Das Bundesasylamt wies den Asylantrag mit Bescheid vom 26. Juni 2002 gemäß § 7 des Asylgesetzes 1997 (AsylG) ab und erklärte die Zurückweisung, Zurückschiebung oder Abschiebung des Beschwerdeführers nach Georgien gemäß § 8 AsylG für zulässig. Es ging von seinen Angaben aus, sah in der "Bedrohung durch korrupte Polizeibeamte" aber keine asylrelevante Verfolgungsgefahr und führte in der Begründung des Ausspruches gemäß § 8 AsylG u.a. aus, der Beschwerdeführer habe "selbst" angegeben, "niemals konkrete Probleme mit ... der Polizei ... gehabt zu haben".
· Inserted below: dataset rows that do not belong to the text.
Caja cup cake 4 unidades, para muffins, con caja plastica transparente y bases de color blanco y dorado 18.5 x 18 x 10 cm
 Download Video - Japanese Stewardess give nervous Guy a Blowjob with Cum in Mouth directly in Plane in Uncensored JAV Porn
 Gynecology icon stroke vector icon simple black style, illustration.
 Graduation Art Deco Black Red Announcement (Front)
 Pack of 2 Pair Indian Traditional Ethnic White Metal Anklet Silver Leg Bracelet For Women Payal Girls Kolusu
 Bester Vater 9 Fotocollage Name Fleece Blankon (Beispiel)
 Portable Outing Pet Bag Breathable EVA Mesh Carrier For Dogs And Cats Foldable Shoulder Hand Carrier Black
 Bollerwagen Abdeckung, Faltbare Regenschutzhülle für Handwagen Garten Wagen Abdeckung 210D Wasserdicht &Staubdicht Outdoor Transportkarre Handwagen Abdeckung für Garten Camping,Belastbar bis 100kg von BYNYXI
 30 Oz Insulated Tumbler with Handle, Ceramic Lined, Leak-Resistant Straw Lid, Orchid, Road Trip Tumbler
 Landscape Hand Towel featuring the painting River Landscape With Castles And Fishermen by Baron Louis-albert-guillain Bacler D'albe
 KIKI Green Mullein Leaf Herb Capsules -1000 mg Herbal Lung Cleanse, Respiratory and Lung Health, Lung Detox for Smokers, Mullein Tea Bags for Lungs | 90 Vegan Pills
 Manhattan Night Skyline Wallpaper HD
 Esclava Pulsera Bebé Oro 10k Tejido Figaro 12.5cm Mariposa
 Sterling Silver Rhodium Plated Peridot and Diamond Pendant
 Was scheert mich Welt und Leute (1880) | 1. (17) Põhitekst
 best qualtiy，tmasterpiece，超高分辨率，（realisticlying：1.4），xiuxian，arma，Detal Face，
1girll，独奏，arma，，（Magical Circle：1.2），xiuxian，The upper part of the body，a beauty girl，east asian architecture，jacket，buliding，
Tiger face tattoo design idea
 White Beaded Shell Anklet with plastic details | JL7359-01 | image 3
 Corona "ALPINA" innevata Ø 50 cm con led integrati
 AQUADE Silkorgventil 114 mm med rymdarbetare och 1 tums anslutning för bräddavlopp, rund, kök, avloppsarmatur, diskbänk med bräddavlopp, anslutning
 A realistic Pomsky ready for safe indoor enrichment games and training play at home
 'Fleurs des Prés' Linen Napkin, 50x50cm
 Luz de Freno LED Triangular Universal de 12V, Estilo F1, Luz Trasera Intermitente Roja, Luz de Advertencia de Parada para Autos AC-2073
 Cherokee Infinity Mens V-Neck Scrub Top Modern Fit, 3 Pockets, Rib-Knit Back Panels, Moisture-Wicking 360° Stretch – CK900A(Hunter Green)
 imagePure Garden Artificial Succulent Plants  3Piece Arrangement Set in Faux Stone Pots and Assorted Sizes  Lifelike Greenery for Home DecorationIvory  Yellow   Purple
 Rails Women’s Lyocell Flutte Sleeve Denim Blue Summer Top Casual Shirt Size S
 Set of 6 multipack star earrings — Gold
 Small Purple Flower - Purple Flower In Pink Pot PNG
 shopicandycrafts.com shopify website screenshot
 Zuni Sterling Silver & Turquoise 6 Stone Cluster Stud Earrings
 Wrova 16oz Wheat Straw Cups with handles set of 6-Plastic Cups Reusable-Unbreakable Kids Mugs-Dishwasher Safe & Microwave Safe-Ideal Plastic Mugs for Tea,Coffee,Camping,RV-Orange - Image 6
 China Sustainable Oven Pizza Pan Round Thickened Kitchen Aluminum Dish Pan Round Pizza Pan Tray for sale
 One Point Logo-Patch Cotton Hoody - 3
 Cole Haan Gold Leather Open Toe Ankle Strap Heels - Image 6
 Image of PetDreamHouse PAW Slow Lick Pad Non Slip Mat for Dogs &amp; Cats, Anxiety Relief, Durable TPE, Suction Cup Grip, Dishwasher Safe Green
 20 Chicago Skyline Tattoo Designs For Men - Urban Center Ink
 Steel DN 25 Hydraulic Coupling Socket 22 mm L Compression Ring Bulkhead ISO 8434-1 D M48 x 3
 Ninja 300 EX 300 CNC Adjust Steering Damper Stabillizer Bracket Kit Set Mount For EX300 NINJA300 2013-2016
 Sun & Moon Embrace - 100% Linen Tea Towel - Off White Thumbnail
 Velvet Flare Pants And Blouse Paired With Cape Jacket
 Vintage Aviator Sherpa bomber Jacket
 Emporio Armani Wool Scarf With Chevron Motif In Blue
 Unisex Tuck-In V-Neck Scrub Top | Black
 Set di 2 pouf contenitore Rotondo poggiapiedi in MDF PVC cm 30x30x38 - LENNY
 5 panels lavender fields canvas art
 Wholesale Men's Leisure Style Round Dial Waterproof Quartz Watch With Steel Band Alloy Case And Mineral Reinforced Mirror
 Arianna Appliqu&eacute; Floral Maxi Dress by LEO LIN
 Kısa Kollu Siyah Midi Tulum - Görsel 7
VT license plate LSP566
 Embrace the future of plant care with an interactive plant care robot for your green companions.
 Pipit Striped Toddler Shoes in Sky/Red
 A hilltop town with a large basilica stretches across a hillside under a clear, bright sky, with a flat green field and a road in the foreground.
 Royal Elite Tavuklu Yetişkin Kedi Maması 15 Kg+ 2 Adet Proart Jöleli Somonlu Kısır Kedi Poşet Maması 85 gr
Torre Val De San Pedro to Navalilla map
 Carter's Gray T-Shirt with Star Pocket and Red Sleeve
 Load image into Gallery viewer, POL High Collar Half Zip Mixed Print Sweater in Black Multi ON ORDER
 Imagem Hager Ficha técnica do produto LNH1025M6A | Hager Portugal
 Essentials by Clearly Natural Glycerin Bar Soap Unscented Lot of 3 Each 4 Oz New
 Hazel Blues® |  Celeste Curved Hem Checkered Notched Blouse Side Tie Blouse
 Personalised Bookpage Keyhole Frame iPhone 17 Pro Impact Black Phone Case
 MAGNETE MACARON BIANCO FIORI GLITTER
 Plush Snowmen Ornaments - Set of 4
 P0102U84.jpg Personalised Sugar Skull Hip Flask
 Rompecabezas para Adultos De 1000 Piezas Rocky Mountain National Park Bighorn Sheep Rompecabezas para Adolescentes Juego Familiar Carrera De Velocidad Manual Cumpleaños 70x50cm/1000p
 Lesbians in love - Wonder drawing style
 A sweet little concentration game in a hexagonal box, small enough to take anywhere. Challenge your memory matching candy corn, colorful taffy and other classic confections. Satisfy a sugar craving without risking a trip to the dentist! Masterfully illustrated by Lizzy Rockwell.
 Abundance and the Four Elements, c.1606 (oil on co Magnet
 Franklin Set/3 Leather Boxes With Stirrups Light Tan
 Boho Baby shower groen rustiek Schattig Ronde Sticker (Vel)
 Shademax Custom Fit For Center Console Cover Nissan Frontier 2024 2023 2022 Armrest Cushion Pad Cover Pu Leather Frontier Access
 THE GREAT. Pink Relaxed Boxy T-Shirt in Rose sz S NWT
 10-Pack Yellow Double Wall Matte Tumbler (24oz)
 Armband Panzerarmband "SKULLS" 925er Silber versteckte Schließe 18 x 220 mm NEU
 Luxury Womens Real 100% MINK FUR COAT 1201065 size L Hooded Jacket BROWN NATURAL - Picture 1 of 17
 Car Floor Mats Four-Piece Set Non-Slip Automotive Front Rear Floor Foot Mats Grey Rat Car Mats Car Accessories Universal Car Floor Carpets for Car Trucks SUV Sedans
In seiner Berufung gegen diese Entscheidung beschrieb der Beschwerdeführer noch einmal den Vorfall vom 31. Oktober 1999. Nach der Wahl, bei der seine Partei die Mindestgrenze von 7 % der Stimmen überschritten habe, was aber nicht anerkannt worden sei, sei es häufiger zu Verfolgungen von Parteimitgliedern durch die Behörden gekommen. Abgesehen von den Geldforderungen der Polizisten sei es bei ihm auch vorgekommen, dass die Steuerinspektion sein Geschäft unter Vorwänden geschlossen habe. Einmal sei er zu Gericht zitiert worden und habe auf Rat des Richters Bestechungsgeld gezahlt, wobei der Richter gemeint habe, als Parteimitglied könne er das leicht zahlen. Außerdem habe es drei Raubüberfälle auf sein Geschäft gegeben, die er auf dieselben Ursachen zurückführe. Bei dem Vorfall im Mai 2001 hätten die Polizisten unaufhörlich verlangt, dass er aus seiner Partei austrete, und ihm mit physischer Gewalt gedroht.
In der Berufungsverhandlung am 8. Jänner 2003 wurde der Beschwerdeführer zu seinen bisherigen Angaben - insbesondere auch über die Zusammenhänge zwischen den von ihm beschriebenen Nachstellungen und seiner Parteimitgliedschaft - ergänzend befragt. Er bestätigte, dass der Konflikt seine Ursache in dem Vorfall bei der Parlamentswahl gehabt habe und seine Parteimitgliedschaft bei jedem der weiteren Vorfälle ins Spiel gebracht worden sei. Darüber hinaus wurden dem Beschwerdeführer Georgien betreffende Länderberichte von 1999 und 2002 vorgehalten.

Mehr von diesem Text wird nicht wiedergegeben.